In his epic poem The Divine Comedy, Dante Alighieri placed the lukewarm at the gateway to hell, neither in hell nor in heaven. They are “melancholy souls . . ./Who lived withouten infamy or praise,” (Canto III, 35-36). They, in fact, “never were alive,” (64).
They were, Stephen Smith asserts, “souls who have lost truth, have lost God.” The lukewarm “would not exercise their liberty,” and missed out on life and eternity.
Not following God or Satan, Dante explains, they looked out for themselves alone.
Being outside hell sounds better than being inside, but Dante says such souls “envious are of every other fate,” (III, 48). Their end is worse than all others.
Of course, Dante’s poem is literature, not theology.
For theology, we can look to Francis Chan whose discussion of the lukewarm supports Dante’s placement of the lukewarm to either good or evil outside of heaven.
In Chan’s analysis, the lukewarm act like Christians. They go to church. They give money to good causes. But when what is right conflicts with what is popular, the lukewarm “care more about what people think of their actions (like church attendance and giving) than what God thinks of their hearts and lives.”
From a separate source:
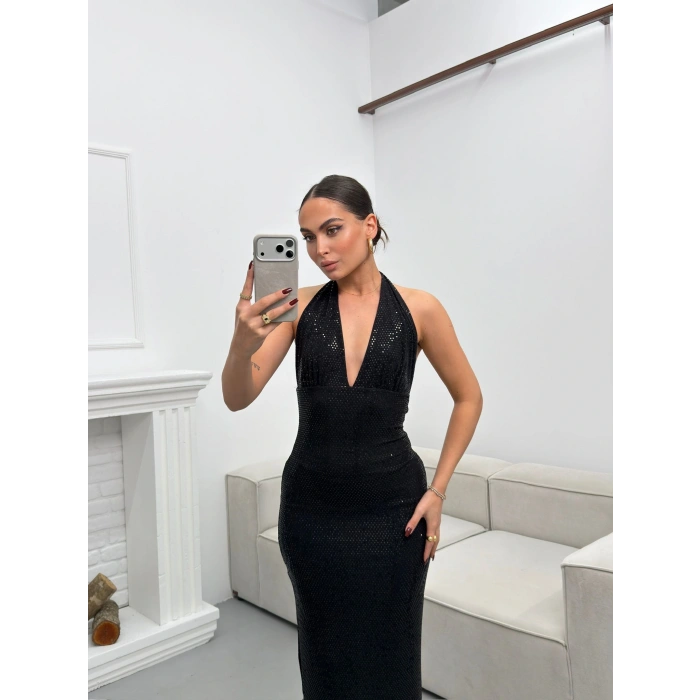 Pul Payetli Boyun Bağlamalı Elbise - SİYAH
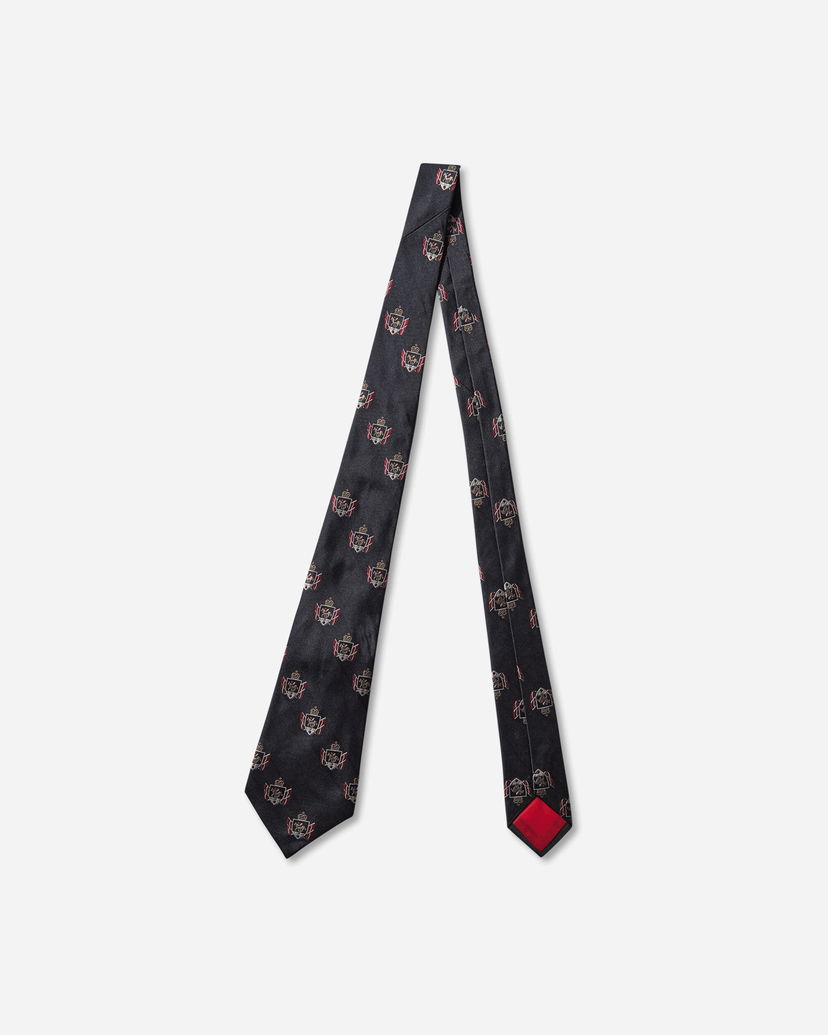 Tilbehør Junya Watanabe Silk Tie with Crest Pattern Sort | WP-K408-W25 1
Chan says such lukewarm churchgoers don’t want to be saved from their sin, only from its penalty.
Their “faith” is emotional; they do not live it out with action. Jesus is part of their lives, but not in control of their lives. They structure their lives so they don’t have to live by faith.
In his typical fashion, Chan, as does Dante from seven centuries ago, convicts and calls us to overcome too much comfort, to be real in our faith.
Francis Chan’s new book Until Unity ties our embrace of authentic faith over a lukewarm counterfeit to Christian unity. Steeped in biblical evidence, Chan says “the unsurrendered will always be at odds with the Christ followers, lobbying for their sins to be overlooked and fighting for their own desires in ungodly ways. . . .
“[The lukewarm] find common ground [among themselves] in judging the radicals who dare think Christ calls everyone to deny themselves and pick up crosses. . . . They can even rally together against those who still believe that the commands of Scripture are still valid today.”
We watch this conflict within the Church. It goes on around us daily. It occurs both at high levels and in small congregations.
“[T]here are many people in churches who do not truly follow Jesus, and with them, there can be no unity. It is our responsibility to lovingly confront them and call them higher. But if they remain unchanged, it is never our responsibility to lower the bar in the name of unity,” (emphasis Chan’s).
The lukewarm live among us. Many sleep.
We will not win them by being like them. We must show them Christ. We must love them, but only in truth.
We can be the hot cup of reality in a community drowsy from the lure of the unreal.
And what must overflow from our hot cups are love and truth.